* _DATA_:
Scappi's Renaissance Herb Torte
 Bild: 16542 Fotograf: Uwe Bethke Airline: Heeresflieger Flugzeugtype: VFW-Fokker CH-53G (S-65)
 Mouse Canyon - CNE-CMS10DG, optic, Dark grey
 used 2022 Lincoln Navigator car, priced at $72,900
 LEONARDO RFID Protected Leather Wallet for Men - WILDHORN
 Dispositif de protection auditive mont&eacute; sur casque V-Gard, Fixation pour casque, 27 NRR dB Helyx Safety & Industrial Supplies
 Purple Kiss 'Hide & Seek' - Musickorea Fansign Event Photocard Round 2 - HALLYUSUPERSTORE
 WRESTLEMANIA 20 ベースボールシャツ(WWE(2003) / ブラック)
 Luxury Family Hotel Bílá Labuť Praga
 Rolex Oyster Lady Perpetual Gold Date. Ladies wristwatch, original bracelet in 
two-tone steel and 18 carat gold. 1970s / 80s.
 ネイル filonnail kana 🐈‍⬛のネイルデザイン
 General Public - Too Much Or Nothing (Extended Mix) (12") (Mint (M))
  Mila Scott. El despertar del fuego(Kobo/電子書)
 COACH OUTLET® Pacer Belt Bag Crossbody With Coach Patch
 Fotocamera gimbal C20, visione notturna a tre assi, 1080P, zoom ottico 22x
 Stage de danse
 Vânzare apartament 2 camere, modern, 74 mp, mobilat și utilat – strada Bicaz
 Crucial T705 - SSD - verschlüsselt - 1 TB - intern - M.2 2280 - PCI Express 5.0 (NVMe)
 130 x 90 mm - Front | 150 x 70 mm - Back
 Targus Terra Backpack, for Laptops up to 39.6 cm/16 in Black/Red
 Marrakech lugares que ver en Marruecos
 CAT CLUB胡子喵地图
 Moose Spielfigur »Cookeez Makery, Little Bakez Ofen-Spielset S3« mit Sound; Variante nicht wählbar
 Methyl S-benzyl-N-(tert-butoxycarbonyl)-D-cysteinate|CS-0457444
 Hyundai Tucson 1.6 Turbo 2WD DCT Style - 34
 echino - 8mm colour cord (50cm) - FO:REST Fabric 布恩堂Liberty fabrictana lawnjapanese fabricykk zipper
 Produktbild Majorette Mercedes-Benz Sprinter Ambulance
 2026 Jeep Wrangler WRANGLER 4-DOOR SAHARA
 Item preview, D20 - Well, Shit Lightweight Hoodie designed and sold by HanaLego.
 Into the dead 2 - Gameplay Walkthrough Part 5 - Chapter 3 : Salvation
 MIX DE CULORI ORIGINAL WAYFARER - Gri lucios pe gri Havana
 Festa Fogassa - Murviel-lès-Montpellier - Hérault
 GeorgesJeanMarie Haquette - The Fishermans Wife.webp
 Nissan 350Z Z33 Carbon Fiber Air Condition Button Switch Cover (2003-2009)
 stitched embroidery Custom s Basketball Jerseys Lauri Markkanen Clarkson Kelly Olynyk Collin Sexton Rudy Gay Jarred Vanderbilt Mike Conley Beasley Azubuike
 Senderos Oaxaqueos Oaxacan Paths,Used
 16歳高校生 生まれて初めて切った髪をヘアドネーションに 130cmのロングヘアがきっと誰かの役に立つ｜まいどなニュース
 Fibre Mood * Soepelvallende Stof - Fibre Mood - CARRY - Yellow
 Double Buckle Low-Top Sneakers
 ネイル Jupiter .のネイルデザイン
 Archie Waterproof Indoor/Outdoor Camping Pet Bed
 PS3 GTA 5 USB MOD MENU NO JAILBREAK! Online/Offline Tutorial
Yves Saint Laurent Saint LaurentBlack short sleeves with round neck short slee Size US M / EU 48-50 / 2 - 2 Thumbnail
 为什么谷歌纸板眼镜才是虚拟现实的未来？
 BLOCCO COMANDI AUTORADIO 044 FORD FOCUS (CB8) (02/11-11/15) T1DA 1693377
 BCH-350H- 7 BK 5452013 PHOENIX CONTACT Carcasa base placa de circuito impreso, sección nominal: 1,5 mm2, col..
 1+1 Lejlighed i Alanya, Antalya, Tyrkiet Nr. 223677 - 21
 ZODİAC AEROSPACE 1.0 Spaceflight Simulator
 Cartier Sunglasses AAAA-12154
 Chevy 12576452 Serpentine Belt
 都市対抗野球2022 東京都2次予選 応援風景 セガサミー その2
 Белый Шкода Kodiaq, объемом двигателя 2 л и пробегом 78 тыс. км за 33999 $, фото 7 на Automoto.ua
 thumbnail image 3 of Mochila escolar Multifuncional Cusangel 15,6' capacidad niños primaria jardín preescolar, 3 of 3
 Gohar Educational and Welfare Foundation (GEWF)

* _WHAT NEEDS TO BE DONE_: Your answer must be an exact transcription of all the data above.

* _RESPONSE_:
Scappi's Renaissance Herb Torte
 Bild: 16542 Fotograf: Uwe Bethke Airline: Heeresflieger Flugzeugtype: VFW-Fokker CH-53G (S-65)
 Mouse Canyon - CNE-CMS10DG, optic, Dark grey
 used 2022 Lincoln Navigator car, priced at $72,900
 LEONARDO RFID Protected Leather Wallet for Men - WILDHORN
 Dispositif de protection auditive mont&eacute; sur casque V-Gard, Fixation pour casque, 27 NRR dB Helyx Safety & Industrial Supplies
 Purple Kiss 'Hide & Seek' - Musickorea Fansign Event Photocard Round 2 - HALLYUSUPERSTORE
 WRESTLEMANIA 20 ベースボールシャツ(WWE(2003) / ブラック)
 Luxury Family Hotel Bílá Labuť Praga
 Rolex Oyster Lady Perpetual Gold Date. Ladies wristwatch, original bracelet in 
two-tone steel and 18 carat gold. 1970s / 80s.
 ネイル filonnail kana 🐈‍⬛のネイルデザイン
 General Public - Too Much Or Nothing (Extended Mix) (12") (Mint (M))
  Mila Scott. El despertar del fuego(Kobo/電子書)
 COACH OUTLET® Pacer Belt Bag Crossbody With Coach Patch
 Fotocamera gimbal C20, visione notturna a tre assi, 1080P, zoom ottico 22x
 Stage de danse
 Vânzare apartament 2 camere, modern, 74 mp, mobilat și utilat – strada Bicaz
 Crucial T705 - SSD - verschlüsselt - 1 TB - intern - M.2 2280 - PCI Express 5.0 (NVMe)
 130 x 90 mm - Front | 150 x 70 mm - Back
 Targus Terra Backpack, for Laptops up to 39.6 cm/16 in Black/Red
 Marrakech lugares que ver en Marruecos
 CAT CLUB胡子喵地图
 Moose Spielfigur »Cookeez Makery, Little Bakez Ofen-Spielset S3« mit Sound; Variante nicht wählbar
 Methyl S-benzyl-N-(tert-butoxycarbonyl)-D-cysteinate|CS-0457444
 Hyundai Tucson 1.6 Turbo 2WD DCT Style - 34
 echino - 8mm colour cord (50cm) - FO:REST Fabric 布恩堂Liberty fabrictana lawnjapanese fabricykk zipper
 Produktbild Majorette Mercedes-Benz Sprinter Ambulance
 2026 Jeep Wrangler WRANGLER 4-DOOR SAHARA
 Item preview, D20 - Well, Shit Lightweight Hoodie designed and sold by HanaLego.
 Into the dead 2 - Gameplay Walkthrough Part 5 - Chapter 3 : Salvation
 MIX DE CULORI ORIGINAL WAYFARER - Gri lucios pe gri Havana
 Festa Fogassa - Murviel-lès-Montpellier - Hérault
 GeorgesJeanMarie Haquette - The Fishermans Wife.webp
 Nissan 350Z Z33 Carbon Fiber Air Condition Button Switch Cover (2003-2009)
 stitched embroidery Custom s Basketball Jerseys Lauri Markkanen Clarkson Kelly Olynyk Collin Sexton Rudy Gay Jarred Vanderbilt Mike Conley Beasley Azubuike
 Senderos Oaxaqueos Oaxacan Paths,Used
 16歳高校生 生まれて初めて切った髪をヘアドネーションに 130cmのロングヘアがきっと誰かの役に立つ｜まいどなニュース
 Fibre Mood * Soepelvallende Stof - Fibre Mood - CARRY - Yellow
 Double Buckle Low-Top Sneakers
 ネイル Jupiter .のネイルデザイン
 Archie Waterproof Indoor/Outdoor Camping Pet Bed
 PS3 GTA 5 USB MOD MENU NO JAILBREAK! Online/Offline Tutorial
Yves Saint Laurent Saint LaurentBlack short sleeves with round neck short slee Size US M / EU 48-50 / 2 - 2 Thumbnail
 为什么谷歌纸板眼镜才是虚拟现实的未来？
 BLOCCO COMANDI AUTORADIO 044 FORD FOCUS (CB8) (02/11-11/15) T1DA 1693377
 BCH-350H- 7 BK 5452013 PHOENIX CONTACT Carcasa base placa de circuito impreso, sección nominal: 1,5 mm2, col..
 1+1 Lejlighed i Alanya, Antalya, Tyrkiet Nr. 223677 - 21
 ZODİAC AEROSPACE 1.0 Spaceflight Simulator
 Cartier Sunglasses AAAA-12154
 Chevy 12576452 Serpentine Belt
 都市対抗野球2022 東京都2次予選 応援風景 セガサミー その2
 Белый Шкода Kodiaq, объемом двигателя 2 л и пробегом 78 тыс. км за 33999 $, фото 7 на Automoto.ua
 thumbnail image 3 of Mochila escolar Multifuncional Cusangel 15,6' capacidad niños primaria jardín preescolar, 3 of 3
 Gohar Educational and Welfare Foundation (GEWF)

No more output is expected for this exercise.